THE ADMINISTRATION: The Rotarian Professor

3 minute read

“I hate reformers,” Professor Herold Christian Hunt once said. “Anybody can go in and cut a new deck, and do almost anything. It takes an administrator to go in and change the thinking of the people who are already there.” In more than 30 years in the field of education. Hunt has repeatedly proved his ability both as an administrator and as a reformer. Last week President Eisenhower asked him to do it again, appointed Hunt to the post of Under Secretary of Health, Education and Welfare.

Hunt is a man of many oddly assorted parts. He is an academic in good standing, and he is also a Republican, an enthusiastic Rotarian, a shrewd organizer and a fluent speaker. He hit his professional stride as a high-school principal in St. Johns, Mich. (pop. 5,000) and, as a sideline, became a successful speaker at Rotary Club luncheons. While on Rotary’s wheel, Herold Christian Hunt swung over to a better job as superintendent of the rundown schools of Kalamazoo. After three years of cleaning up Kalamazoo, he was well established as an able mender of corrupt school systems. He rehabilitated the schools of New Rochelle, N.Y., Kansas City, Mo. and Chicago. After six years of rebuilding Chicago’s moldering. politics-ridden schools, he abruptly abandoned his chosen field and accepted appointment (and a $15,000 salary cut) to Harvard’s Graduate School of Education (TIME, March 30, 1953).

To his new job—and especially to the educational third of HEW, which will be his particular baby—Hunt will bring a topnotch administrative ability and a knack for inspiring the people who work for him. In the field of education on a national level, Hunt leaves the specifics to others, thinks in terms of broad policy, good public relations and orderly progress. “It’s not enough,” he once said, “that each of us recognizes and accepts his personal accountability for teaching. It is essential that we have a clearly stated and accepted philosophy of education that expresses our values and that guides all decisions related to our educational program. If we do not hold values in common, we may, like John Gilpin,* get on our horse and ride off in all directions.”
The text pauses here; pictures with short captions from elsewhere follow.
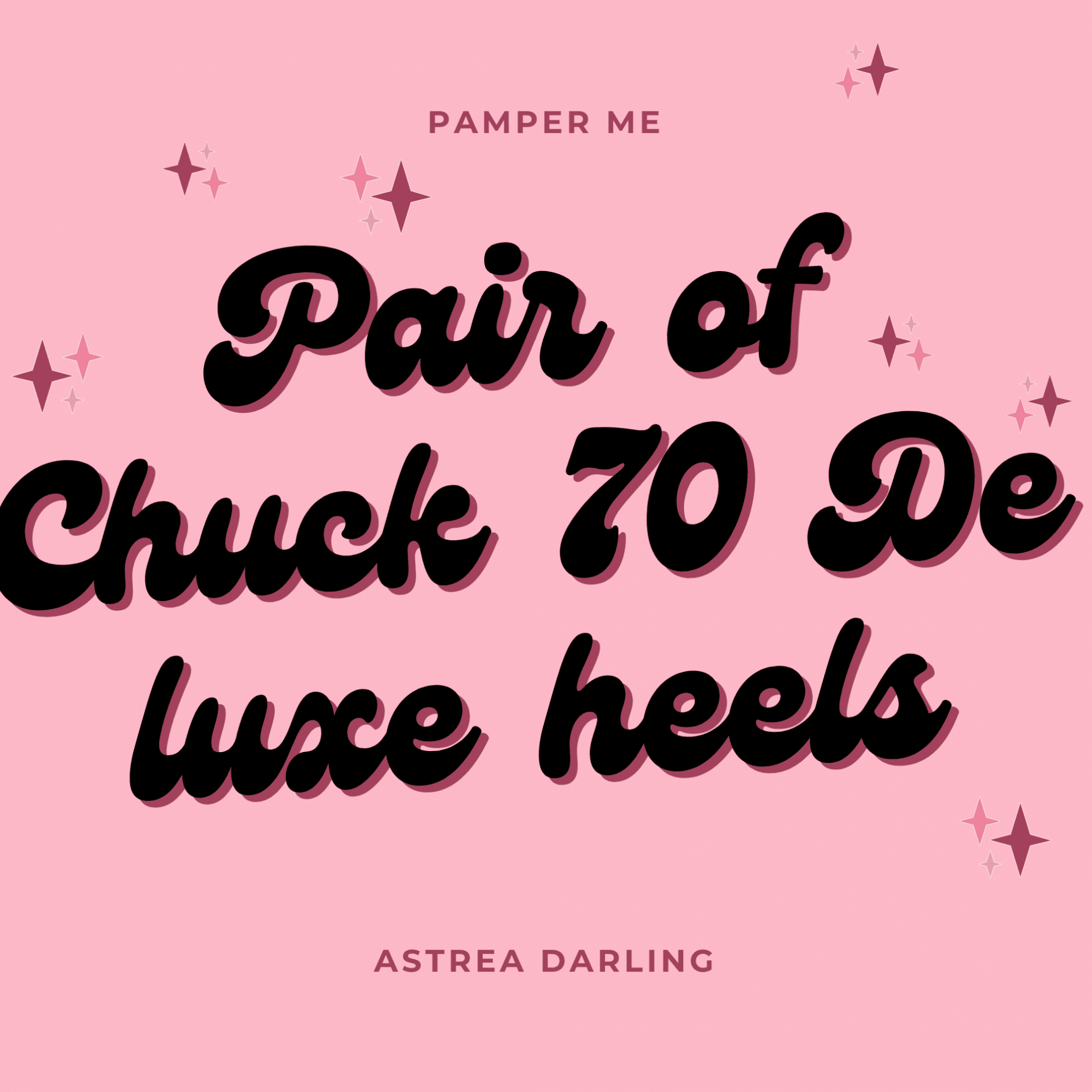 Gift Astrea: Chuck 70 De Luxe Heel Suede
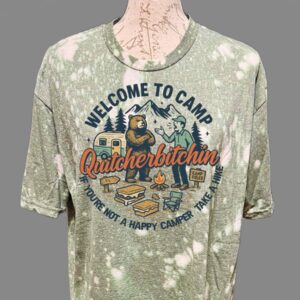 welcome bleach t shirt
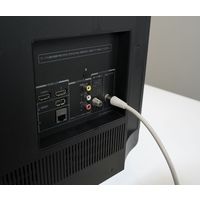 サン電子 TV接続ケーブル1m 4SLN10W-B 1箱(3個)（直送品）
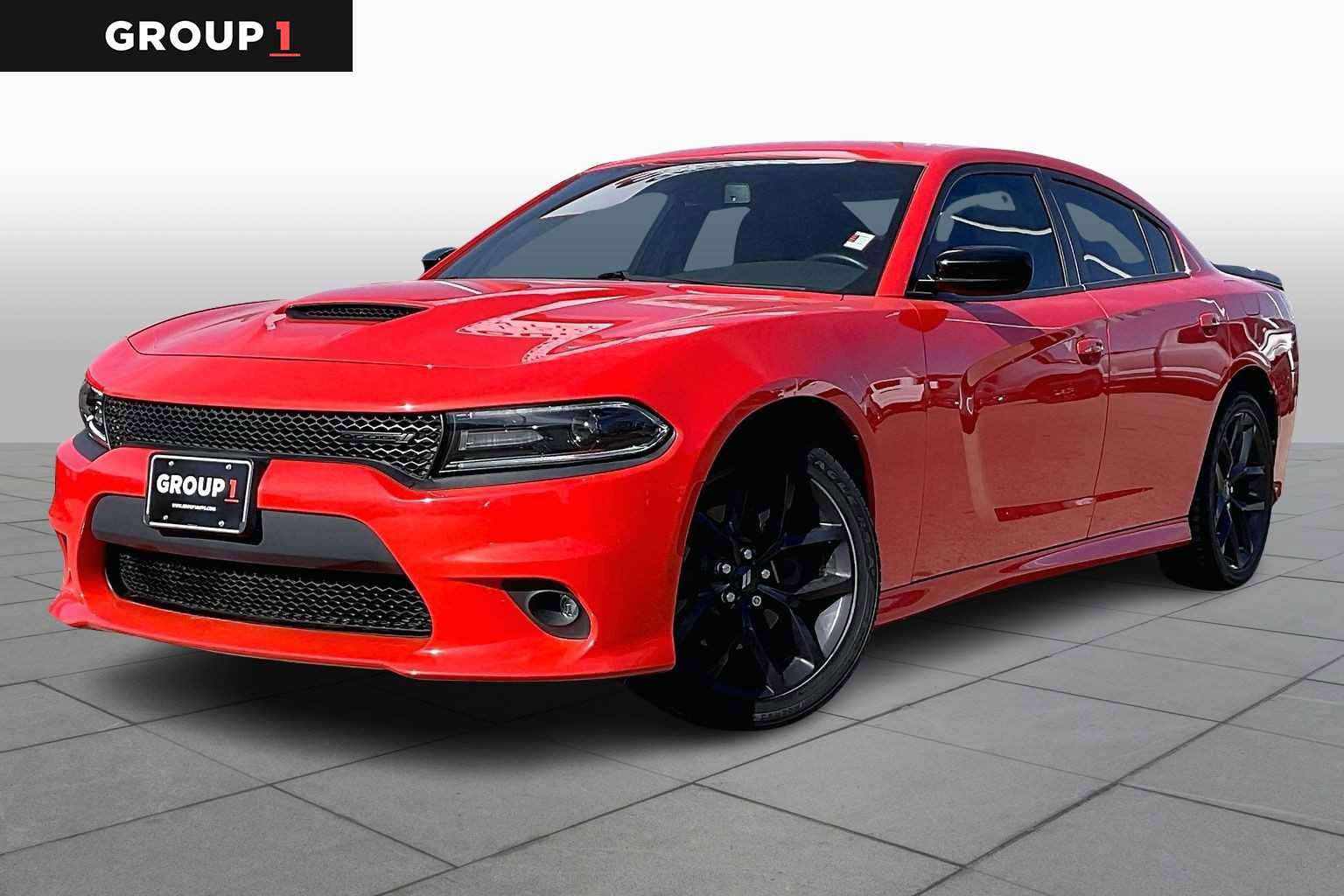 Used 2021 Dodge Charger GT w/ Blacktop Package image 1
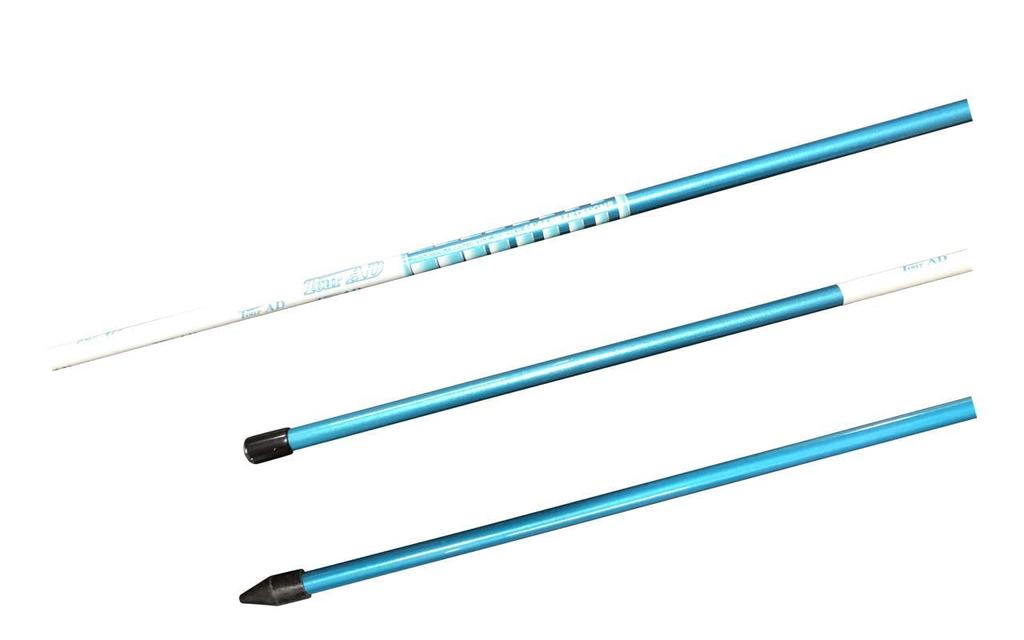 Tour AD Swing Practice Alignment Sticks (Set of 2) by Graphite Design (Blue)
*In this reference Hunt’s scholarship is off in several directions. John Gilpin was the hero of a poem by William Cowper (1731-1800). Gilpin went off in just two directions—north and south. A wealthy London draper, he sent his wife off in a chaise for a holiday in Edmonton, eight miles to the north, and agreed to follow on horseback. But he galloped right through Edmonton to Ware, nearly 15 miles beyond. Then he turned around and headed for Edmonton again, but once more he rushed through the town and ultimately arrived safely in London, where his travels had begun. The person who went off in all directions was Lord Ronald, a character in Gertrude and the Governess, from Stephen Leacock’s (1869-1944) Nonsense Novels. Lord Ronald “flung himself from the room, flung himself upon his horse and rode madly off in all directions.”